The use of EVs is also part of Saudi Arabia drive to clean energy. This is a proof that the Kingdom’s drive to clean energy is real and the country is “walking the talk” to meet its Vision 2030 objectives.

Fuad Al-Zayer

Lucid said in its statement that it reviewed multiple opportunities before selecting Saudi Arabia as the site for its first international manufacturing plant. The company said it expects to benefit from the availability of “competitively-priced commodities and a newly emerging domestic supply chain, and a factory location that facilitates global logistics”. Lucid also expects to employ “several thousand people” — primarily Saudi citizens — at the factory once full production capacity is established.

In truth, by investing billions of dollars in the Kingdom, Lucid is putting high trust into the Saudi fiscal and investment regulatory framework, and the country’s human resources capability. Saudi Arabia has been getting ready for this moment for many years. The country has been investing in the education sector for decades and in training its youth in engineering and other crucial disciplines.

The manufacturing of EVs requires high innovative skills. For example, Chemical Engineers will be needed to work on battery manufacturing whereas electrical and mechanical engineers will be needed for the production of motors and the vehicle itself. In addition, professionals with cross-sectional expertise in chemical engineering, electronics, embedded software and electrical engineering will be needed. Also, the new fields of Automotive Engineering, Electric Vehicle Engineering, Vehicle Mechanics and Vehicle Architecture will be highly sought after. Saudi universities such King Abdulaziz University in Jeddah and KAUST nearby must introduce these new majors as part of its curriculum in order to support the EV industry in the Kingdom.

Also, under the guidance of Crown Prince Mohammed bin Salman, the country has been going through a rapid transformation beginning with the overhauling of its regulatory and investment framework in order to make the Kingdom more attractive for foreign direct investment such as the Lucid plant.

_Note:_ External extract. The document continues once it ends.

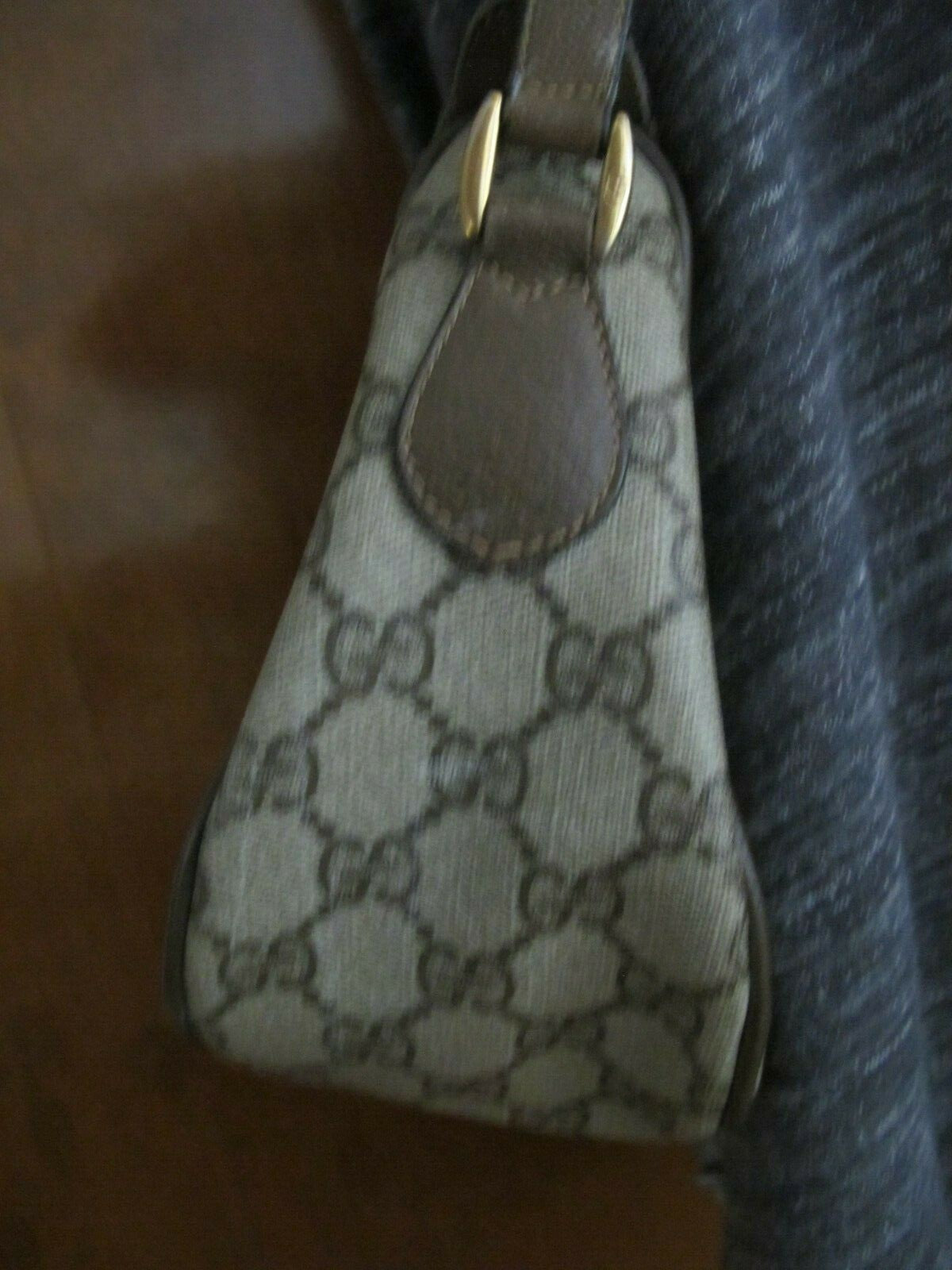 GUCCI Brown Vintage crossbody green & red stripe handbag Mod.89-02-032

Saudi Arabia is also committing to build the needed infrastructure to accommodate the use of EVs such as charging stations, etc. The good news is that Lucid is a very innovative company and its top-end vehicle model has an EPA rating of 800 kilometers of driving range on a single charge, which is 160 km longer than a Tesla Model S! This means one can drive from Riyadh to Dammam, and back without the need for stopping or charging!

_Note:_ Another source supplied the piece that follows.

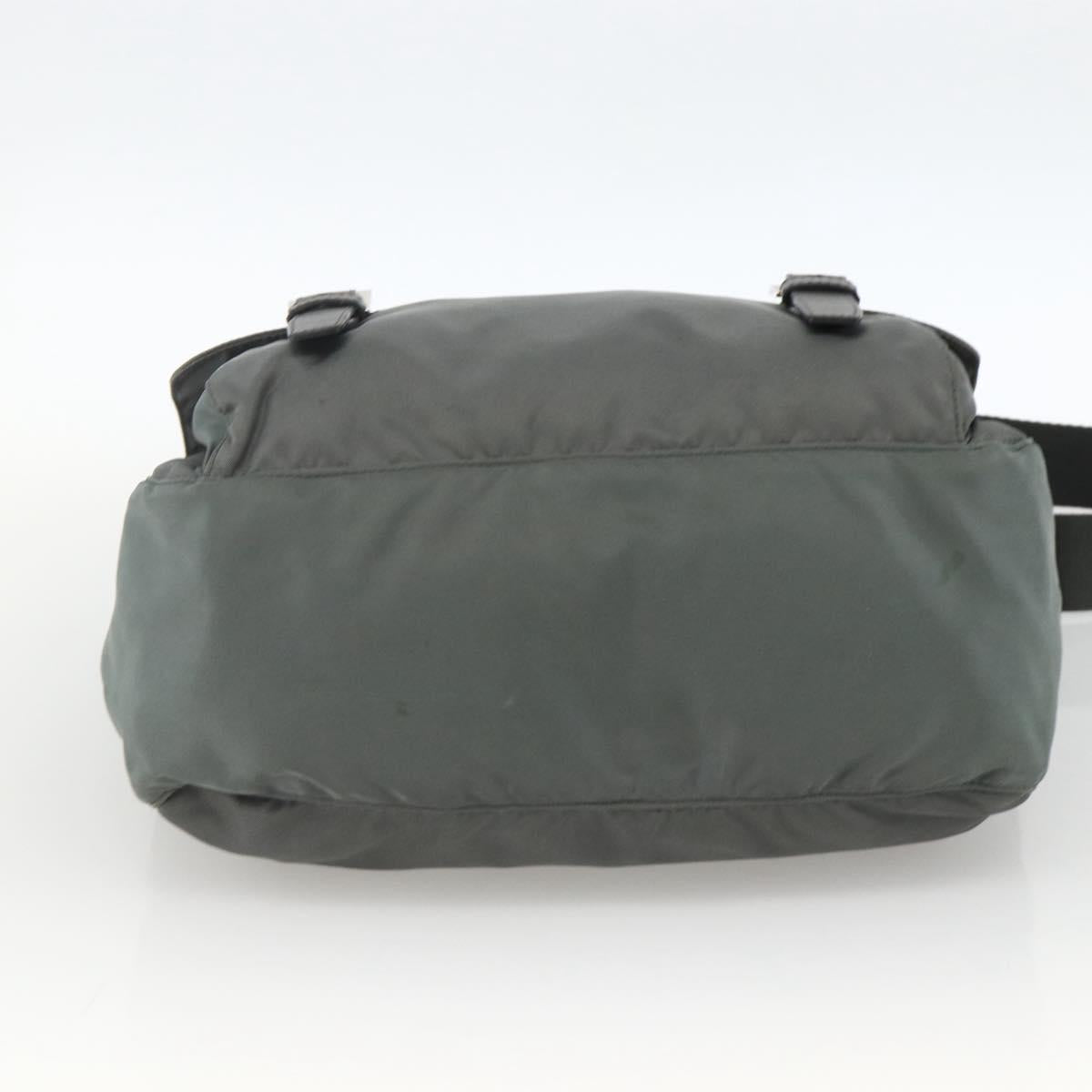 PRADA Shoulder Bag Nylon Gray Silver Auth mr2278A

The use of EVs is also part of Saudi Arabia drive to clean energy. This is a proof that the Kingdom’s drive to clean energy is real and the country is “walking the talk” to meet its Vision 2030 objectives which include reducing carbon emissions by more than 60 per cent. The Kingdom is investing in clean hydrocarbon technology ventures such as the production of blue hydrogen in NEOM. Saudi Arabia is also planning to plant 10 billion trees as part of the “Saudi Green Initiative.” 

PIF investment in Lucid, and Lucid plans to make EVs in Saudi Arabia is in line with Saudi plans to implement sustainable energy strategies in the transportation sector and reduce its carbon footprint. Also, shifting to EVs means that the Kingdom can export more of its crude to meet increasing global fuel demand.

The development of EVs made in Saudi Arabia provides ample opportunity for the Kingdom to diversify its economy, improve sustainable mobility, reduce its carbon footprint while, at the same time, planting the seed for innovative industry that will create new jobs for Saudi youth in a high-end, growing industry. 

It will be with great anticipation that we look forward to seeing a Lucid EV “Made in Saudi Arabia” soon.

  • Fuad Al-Zayer is an independent energy consultant with expertise in energy transition, digitization, and innovation. He is the former head of the Data Services Department at OPEC and a former Global Coordinator of the JODI Data Transparency Initiative at the IEF.